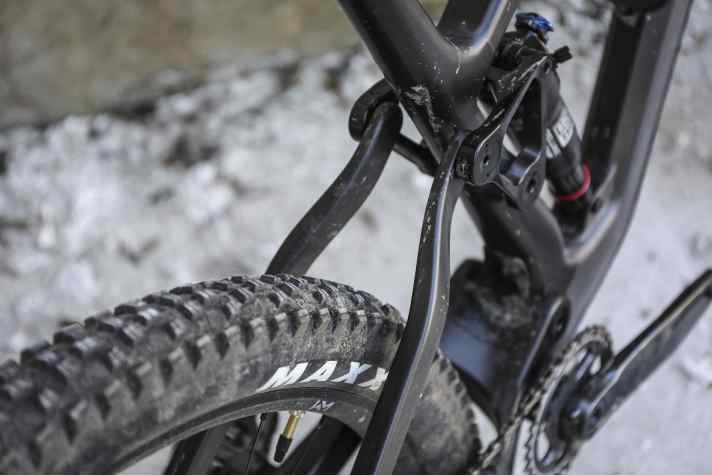 The carbon rear triangle of the Last Asco dispenses with additional bracing.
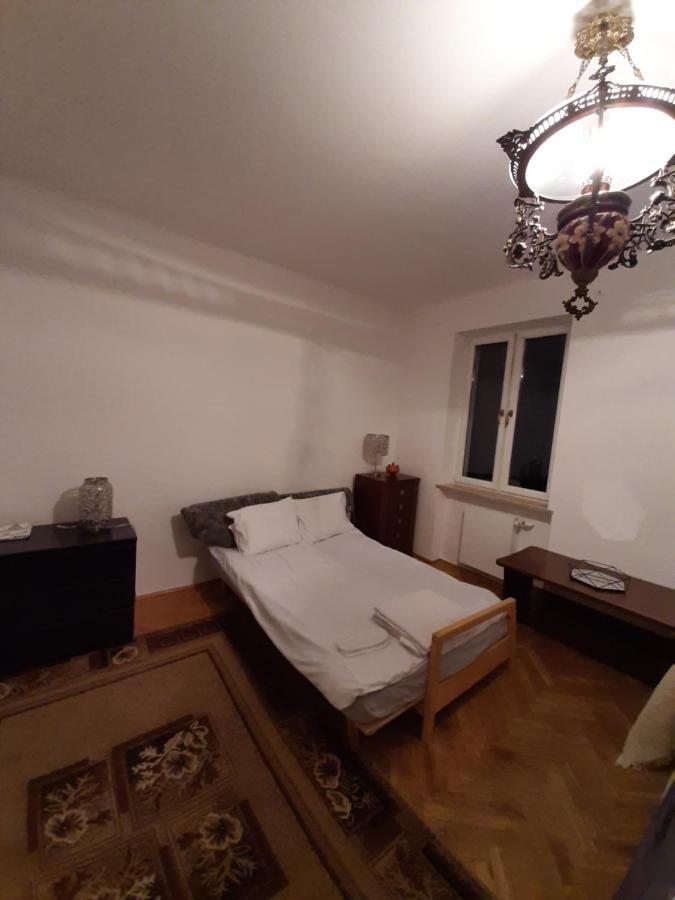 Rooms In Centrum Varsovie Extérieur photo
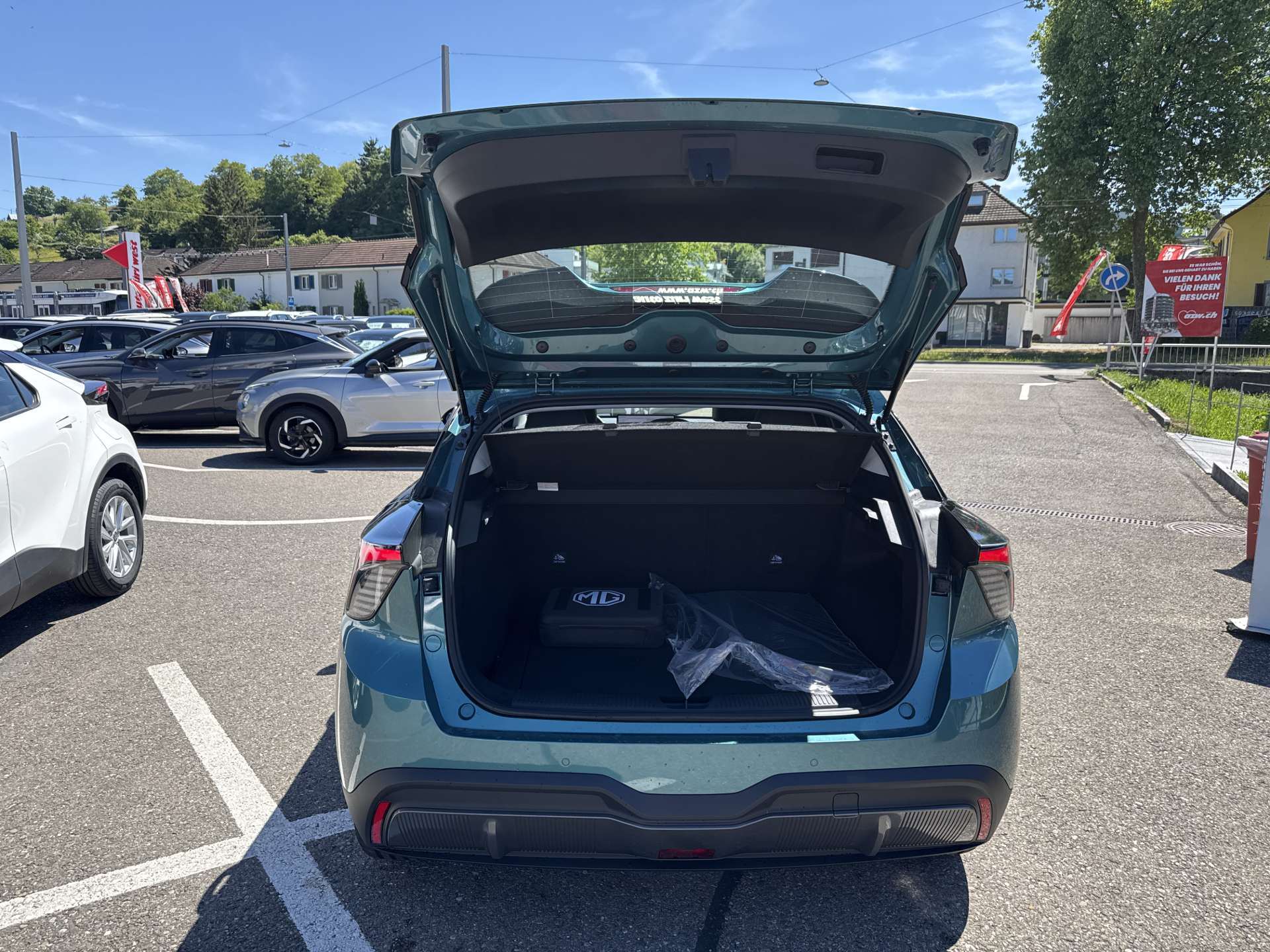 MG 4 EV 64kWh Premium Facelift Automat-image-7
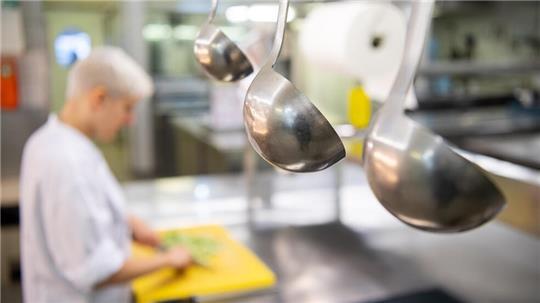 Eine Auszubildende zur Köchin im dritten Lehrjahr arbeitet in einem Hotel in der Küche eines Restaurants (Symbolbild).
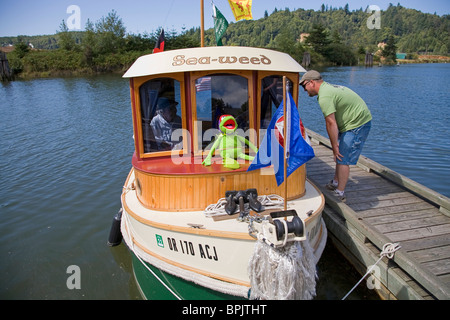 Bateaux en bois sur la rivière Yaquina à un bateau en bois annuel show à Toledo, Ohio Banque D'Images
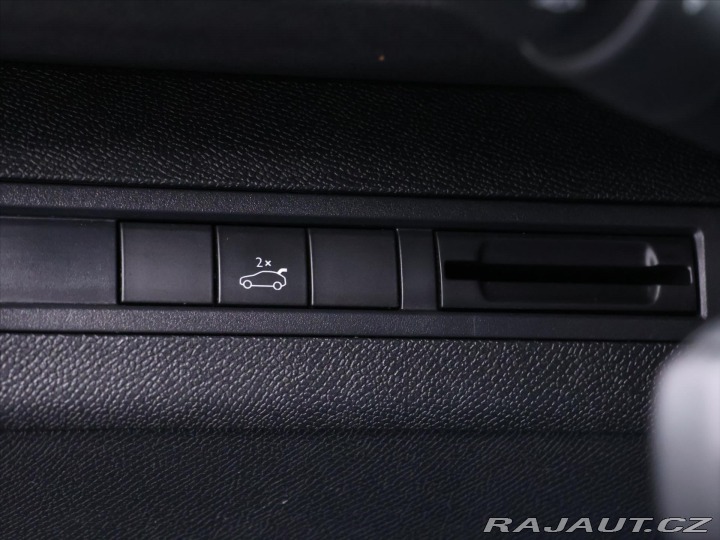 Peugeot 3008 1,2 e-THP 96kW Aut. GT Li 2017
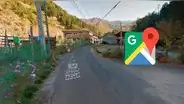 Google Maps: ‘Familia’ es captada esperando un bus, pero un detalle sorprende a usuarios [FOTO]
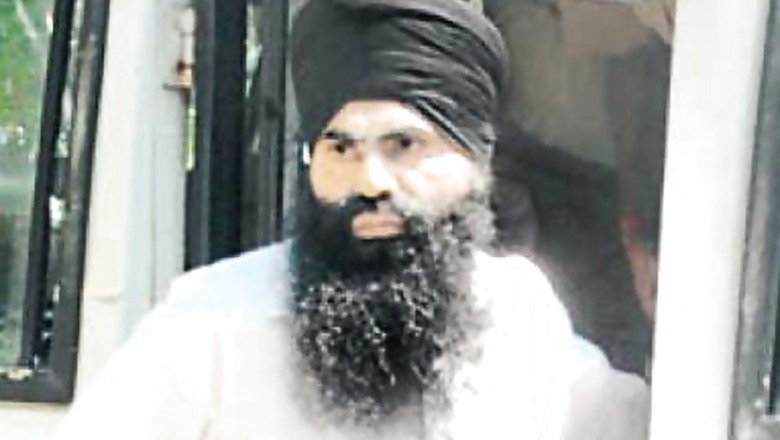 Bhullar's wife moves SC for stay on his death sentence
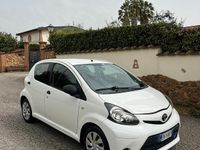 Usata Toyota Aygo 68 CV (50 kW) 2013 Bianco Utilitaria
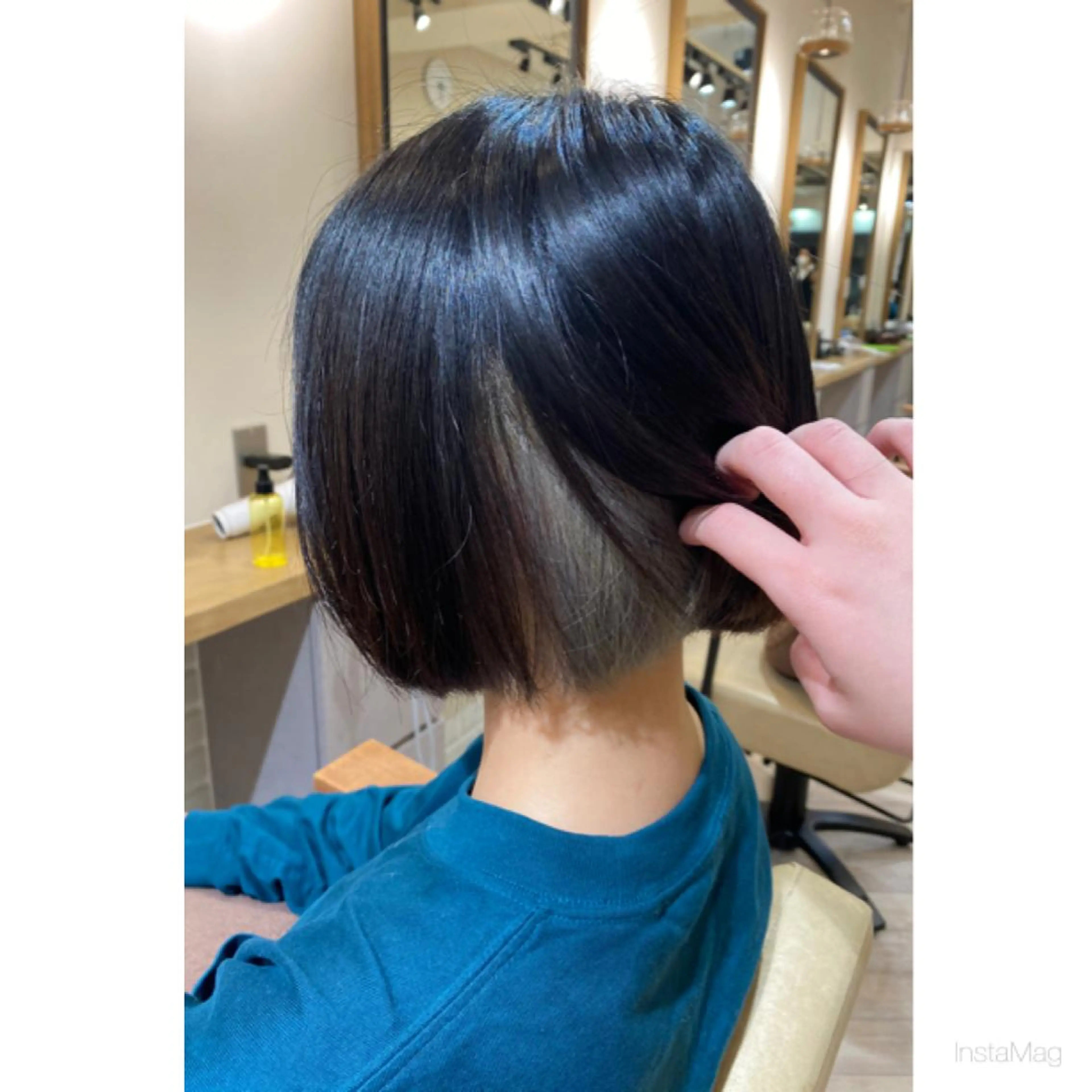 ショート カラー シルバー ホワイトシルバー カット ヘアカラー 岩間 香純のヘアスタイル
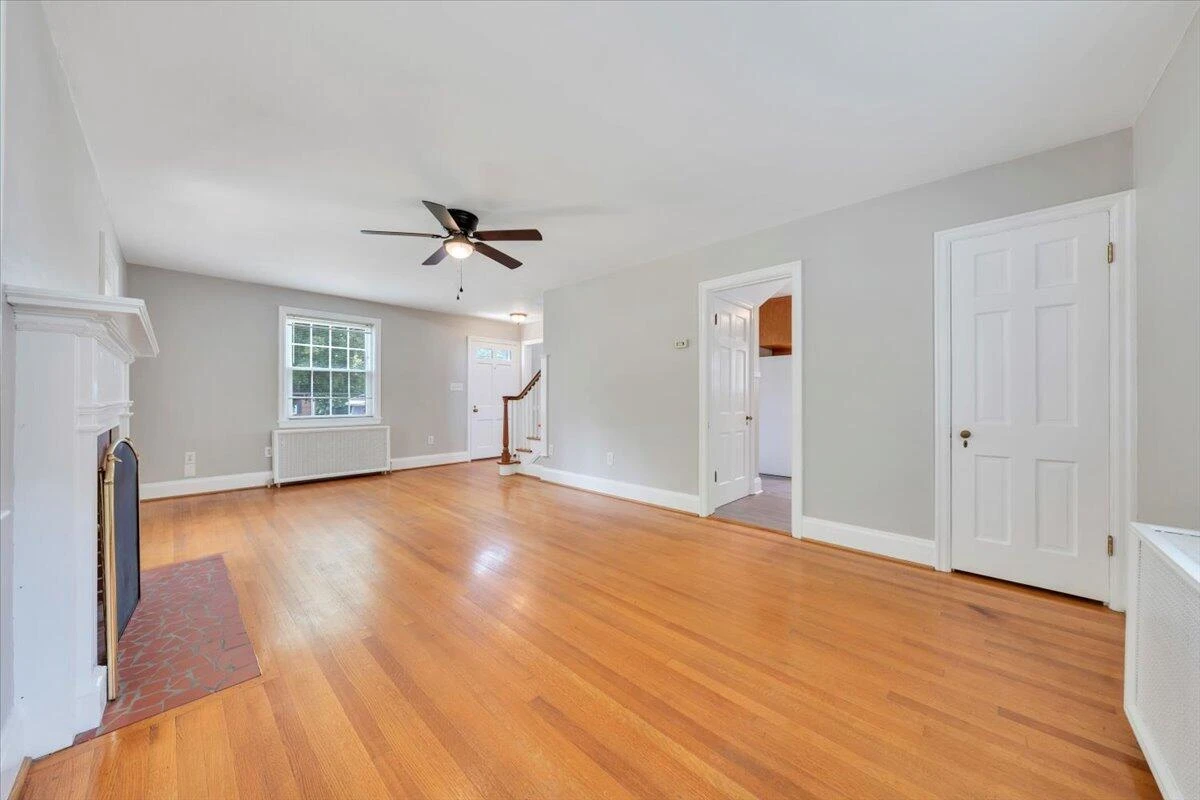 3433 Courtland RD - Photo 10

> **EXERCISE**:
The lines from the top of the data above through the one holding "Eine Auszubildende zur" are to be repeated exactly, and only those, with no pictures.

> **WRITTEN RESPONSE**:
 The carbon rear triangle of the Last Asco dispenses with additional bracing.
 Rooms In Centrum Varsovie Extérieur photo
 MG 4 EV 64kWh Premium Facelift Automat-image-7
 Eine Auszubildende zur Köchin im dritten Lehrjahr arbeitet in einem Hotel in der Küche eines Restaurants (Symbolbild).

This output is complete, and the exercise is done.